**How to complete this task**
Only one stretch of the data is wanted: the line containing "Mann Filter C35110 - FILTRO AIRE CAR", the line containing "Family Tea - Family&nbsp;, a", and every line between them, copied exactly.

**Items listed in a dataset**
- Opening Delimiter -

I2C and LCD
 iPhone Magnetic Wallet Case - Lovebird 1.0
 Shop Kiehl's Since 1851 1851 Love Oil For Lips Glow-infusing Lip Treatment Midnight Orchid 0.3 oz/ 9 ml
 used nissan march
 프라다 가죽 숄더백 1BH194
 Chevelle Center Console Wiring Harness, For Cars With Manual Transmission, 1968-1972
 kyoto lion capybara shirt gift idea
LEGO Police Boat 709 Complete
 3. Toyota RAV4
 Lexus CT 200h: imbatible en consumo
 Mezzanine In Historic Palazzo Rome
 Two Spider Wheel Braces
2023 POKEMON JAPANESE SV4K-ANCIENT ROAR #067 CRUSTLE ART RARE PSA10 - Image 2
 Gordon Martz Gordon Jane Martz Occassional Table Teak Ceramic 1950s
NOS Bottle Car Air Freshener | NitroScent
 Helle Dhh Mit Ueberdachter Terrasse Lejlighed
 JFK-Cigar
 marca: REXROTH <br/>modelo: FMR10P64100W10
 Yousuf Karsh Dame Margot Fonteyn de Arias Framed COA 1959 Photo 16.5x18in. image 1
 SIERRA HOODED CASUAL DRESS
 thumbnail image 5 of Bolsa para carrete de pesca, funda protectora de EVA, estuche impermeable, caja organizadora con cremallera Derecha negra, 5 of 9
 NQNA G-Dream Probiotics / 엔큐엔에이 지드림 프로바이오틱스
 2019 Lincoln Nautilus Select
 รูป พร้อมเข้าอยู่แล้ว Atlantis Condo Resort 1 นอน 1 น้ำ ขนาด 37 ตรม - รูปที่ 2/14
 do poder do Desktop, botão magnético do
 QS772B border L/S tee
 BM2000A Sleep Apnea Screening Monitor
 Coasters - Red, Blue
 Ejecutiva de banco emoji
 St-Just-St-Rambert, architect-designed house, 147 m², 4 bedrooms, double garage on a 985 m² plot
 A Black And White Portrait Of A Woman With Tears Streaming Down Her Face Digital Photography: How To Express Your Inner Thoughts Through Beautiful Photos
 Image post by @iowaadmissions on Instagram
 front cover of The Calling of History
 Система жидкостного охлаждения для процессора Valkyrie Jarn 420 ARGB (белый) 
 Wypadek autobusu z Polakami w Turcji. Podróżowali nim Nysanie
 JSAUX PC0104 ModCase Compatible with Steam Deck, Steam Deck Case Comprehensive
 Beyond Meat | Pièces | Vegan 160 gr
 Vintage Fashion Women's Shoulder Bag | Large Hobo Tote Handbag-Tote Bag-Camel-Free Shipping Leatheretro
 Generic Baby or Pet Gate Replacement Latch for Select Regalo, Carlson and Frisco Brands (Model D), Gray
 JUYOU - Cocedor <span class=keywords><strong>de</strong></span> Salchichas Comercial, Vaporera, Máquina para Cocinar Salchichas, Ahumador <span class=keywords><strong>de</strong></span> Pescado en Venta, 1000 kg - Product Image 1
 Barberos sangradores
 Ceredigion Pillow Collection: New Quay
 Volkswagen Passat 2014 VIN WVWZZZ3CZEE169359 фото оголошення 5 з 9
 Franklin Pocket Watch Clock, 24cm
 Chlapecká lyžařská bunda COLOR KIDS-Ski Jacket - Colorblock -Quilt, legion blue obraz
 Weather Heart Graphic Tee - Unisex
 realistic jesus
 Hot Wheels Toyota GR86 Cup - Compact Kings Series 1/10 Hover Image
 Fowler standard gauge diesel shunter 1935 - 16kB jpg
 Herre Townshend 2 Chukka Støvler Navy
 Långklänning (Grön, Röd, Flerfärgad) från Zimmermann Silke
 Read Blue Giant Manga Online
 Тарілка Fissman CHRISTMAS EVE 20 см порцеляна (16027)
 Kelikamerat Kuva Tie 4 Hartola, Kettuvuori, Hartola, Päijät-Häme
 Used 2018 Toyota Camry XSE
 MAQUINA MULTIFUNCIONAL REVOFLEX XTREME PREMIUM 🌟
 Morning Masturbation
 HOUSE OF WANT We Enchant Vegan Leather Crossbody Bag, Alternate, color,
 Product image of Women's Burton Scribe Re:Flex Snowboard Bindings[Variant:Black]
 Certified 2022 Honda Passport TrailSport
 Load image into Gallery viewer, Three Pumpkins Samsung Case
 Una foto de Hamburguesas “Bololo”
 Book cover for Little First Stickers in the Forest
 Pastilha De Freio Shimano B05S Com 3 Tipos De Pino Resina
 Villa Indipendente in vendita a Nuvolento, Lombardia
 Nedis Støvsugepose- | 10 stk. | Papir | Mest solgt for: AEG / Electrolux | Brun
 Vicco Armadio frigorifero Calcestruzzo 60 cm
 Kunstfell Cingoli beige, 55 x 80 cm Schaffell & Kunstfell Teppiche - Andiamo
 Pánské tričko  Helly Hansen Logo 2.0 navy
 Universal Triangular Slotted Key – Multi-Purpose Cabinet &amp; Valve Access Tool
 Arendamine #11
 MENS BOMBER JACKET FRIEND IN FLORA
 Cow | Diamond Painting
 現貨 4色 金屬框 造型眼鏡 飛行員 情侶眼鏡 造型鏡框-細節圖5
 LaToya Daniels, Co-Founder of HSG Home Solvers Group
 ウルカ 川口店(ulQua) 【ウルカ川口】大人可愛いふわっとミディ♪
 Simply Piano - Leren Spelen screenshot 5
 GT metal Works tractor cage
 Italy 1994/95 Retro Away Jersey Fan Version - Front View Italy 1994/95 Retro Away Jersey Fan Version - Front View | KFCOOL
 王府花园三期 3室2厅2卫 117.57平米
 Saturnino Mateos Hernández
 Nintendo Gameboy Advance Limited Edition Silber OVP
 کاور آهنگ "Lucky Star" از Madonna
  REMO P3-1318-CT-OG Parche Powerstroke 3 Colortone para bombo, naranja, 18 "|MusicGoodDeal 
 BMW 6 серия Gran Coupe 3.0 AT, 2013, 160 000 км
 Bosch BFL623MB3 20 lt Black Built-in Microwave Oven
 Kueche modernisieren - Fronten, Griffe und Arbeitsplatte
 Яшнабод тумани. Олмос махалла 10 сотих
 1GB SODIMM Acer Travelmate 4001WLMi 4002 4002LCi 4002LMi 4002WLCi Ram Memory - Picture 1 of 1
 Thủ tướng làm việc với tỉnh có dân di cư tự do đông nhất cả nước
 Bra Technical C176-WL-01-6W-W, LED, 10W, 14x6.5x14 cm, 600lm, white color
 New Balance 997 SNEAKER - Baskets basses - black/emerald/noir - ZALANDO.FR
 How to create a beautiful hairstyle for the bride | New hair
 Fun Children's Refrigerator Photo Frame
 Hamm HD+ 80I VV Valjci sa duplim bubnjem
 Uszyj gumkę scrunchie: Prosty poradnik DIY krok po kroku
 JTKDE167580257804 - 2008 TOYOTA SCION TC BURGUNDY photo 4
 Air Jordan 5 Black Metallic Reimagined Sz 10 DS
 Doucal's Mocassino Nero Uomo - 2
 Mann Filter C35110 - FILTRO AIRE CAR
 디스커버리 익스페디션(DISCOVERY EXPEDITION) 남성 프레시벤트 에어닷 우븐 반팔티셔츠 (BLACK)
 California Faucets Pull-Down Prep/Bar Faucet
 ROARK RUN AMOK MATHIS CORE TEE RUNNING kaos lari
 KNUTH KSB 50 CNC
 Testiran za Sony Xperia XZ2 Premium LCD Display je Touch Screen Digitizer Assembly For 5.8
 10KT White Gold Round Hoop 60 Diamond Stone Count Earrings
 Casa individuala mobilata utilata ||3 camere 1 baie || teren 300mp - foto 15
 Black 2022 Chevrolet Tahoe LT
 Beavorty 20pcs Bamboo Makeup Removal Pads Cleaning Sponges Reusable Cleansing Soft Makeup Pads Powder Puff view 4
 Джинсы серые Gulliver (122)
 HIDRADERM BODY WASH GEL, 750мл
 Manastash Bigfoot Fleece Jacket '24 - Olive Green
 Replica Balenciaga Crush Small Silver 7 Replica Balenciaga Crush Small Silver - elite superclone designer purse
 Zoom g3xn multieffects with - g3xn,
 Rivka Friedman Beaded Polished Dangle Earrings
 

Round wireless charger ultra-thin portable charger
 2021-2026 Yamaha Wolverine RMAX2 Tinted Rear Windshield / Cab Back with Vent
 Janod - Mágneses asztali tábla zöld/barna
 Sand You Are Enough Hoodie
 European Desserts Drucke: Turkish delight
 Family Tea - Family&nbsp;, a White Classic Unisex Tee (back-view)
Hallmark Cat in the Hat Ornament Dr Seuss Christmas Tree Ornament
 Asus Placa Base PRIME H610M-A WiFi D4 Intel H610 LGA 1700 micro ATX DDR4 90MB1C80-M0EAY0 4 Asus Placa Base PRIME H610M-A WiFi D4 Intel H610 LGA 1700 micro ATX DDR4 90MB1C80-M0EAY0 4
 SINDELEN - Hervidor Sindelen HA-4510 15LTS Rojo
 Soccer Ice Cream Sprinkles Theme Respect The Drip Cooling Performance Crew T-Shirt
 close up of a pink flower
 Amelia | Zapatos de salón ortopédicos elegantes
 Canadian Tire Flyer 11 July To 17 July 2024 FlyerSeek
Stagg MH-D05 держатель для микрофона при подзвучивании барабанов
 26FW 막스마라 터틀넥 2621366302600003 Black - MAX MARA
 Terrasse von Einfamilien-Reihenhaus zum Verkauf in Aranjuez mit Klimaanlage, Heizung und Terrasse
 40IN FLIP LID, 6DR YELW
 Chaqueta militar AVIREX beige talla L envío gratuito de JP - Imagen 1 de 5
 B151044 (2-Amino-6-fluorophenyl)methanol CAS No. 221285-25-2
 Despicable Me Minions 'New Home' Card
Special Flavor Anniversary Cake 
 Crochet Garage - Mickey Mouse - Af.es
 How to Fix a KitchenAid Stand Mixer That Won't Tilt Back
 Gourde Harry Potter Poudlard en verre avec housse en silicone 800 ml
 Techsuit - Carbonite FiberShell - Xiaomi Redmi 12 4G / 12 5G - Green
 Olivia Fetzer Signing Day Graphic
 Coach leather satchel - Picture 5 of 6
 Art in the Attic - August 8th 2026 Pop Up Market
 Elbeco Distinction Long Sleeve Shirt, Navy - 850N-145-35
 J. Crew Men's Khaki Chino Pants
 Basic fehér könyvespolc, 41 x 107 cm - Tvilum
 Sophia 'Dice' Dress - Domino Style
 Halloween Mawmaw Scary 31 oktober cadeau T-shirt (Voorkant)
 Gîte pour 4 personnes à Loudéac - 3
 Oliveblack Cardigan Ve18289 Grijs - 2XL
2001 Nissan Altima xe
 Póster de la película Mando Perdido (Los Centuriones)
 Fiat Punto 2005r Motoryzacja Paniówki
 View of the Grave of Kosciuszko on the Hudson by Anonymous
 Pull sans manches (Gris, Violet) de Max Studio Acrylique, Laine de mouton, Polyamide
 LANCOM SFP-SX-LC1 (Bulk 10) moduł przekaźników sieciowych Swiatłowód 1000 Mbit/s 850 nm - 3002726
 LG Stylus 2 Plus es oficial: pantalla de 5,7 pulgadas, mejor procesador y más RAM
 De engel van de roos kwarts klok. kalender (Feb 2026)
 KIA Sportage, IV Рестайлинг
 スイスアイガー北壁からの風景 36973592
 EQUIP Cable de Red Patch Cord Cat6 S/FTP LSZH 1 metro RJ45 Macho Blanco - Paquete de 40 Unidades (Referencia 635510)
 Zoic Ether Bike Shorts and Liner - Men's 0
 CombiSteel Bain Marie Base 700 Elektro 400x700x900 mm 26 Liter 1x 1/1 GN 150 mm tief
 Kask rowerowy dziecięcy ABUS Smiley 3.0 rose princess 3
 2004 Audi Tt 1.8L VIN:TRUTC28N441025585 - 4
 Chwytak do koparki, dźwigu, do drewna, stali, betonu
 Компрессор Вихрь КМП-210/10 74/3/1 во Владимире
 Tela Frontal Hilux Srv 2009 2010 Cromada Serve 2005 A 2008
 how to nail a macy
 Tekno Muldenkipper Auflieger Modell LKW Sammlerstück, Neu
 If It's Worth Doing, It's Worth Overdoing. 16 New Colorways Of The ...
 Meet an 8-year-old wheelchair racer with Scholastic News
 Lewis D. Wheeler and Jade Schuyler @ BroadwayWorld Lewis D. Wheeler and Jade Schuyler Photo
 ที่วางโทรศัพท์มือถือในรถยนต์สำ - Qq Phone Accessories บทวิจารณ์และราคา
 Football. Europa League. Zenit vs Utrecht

- Closing Delimiter -

**Task output**
 Mann Filter C35110 - FILTRO AIRE CAR
 디스커버리 익스페디션(DISCOVERY EXPEDITION) 남성 프레시벤트 에어닷 우븐 반팔티셔츠 (BLACK)
 California Faucets Pull-Down Prep/Bar Faucet
 ROARK RUN AMOK MATHIS CORE TEE RUNNING kaos lari
 KNUTH KSB 50 CNC
 Testiran za Sony Xperia XZ2 Premium LCD Display je Touch Screen Digitizer Assembly For 5.8
 10KT White Gold Round Hoop 60 Diamond Stone Count Earrings
 Casa individuala mobilata utilata ||3 camere 1 baie || teren 300mp - foto 15
 Black 2022 Chevrolet Tahoe LT
 Beavorty 20pcs Bamboo Makeup Removal Pads Cleaning Sponges Reusable Cleansing Soft Makeup Pads Powder Puff view 4
 Джинсы серые Gulliver (122)
 HIDRADERM BODY WASH GEL, 750мл
 Manastash Bigfoot Fleece Jacket '24 - Olive Green
 Replica Balenciaga Crush Small Silver 7 Replica Balenciaga Crush Small Silver - elite superclone designer purse
 Zoom g3xn multieffects with - g3xn,
 Rivka Friedman Beaded Polished Dangle Earrings
 

Round wireless charger ultra-thin portable charger
 2021-2026 Yamaha Wolverine RMAX2 Tinted Rear Windshield / Cab Back with Vent
 Janod - Mágneses asztali tábla zöld/barna
 Sand You Are Enough Hoodie
 European Desserts Drucke: Turkish delight
 Family Tea - Family&nbsp;, a White Classic Unisex Tee (back-view)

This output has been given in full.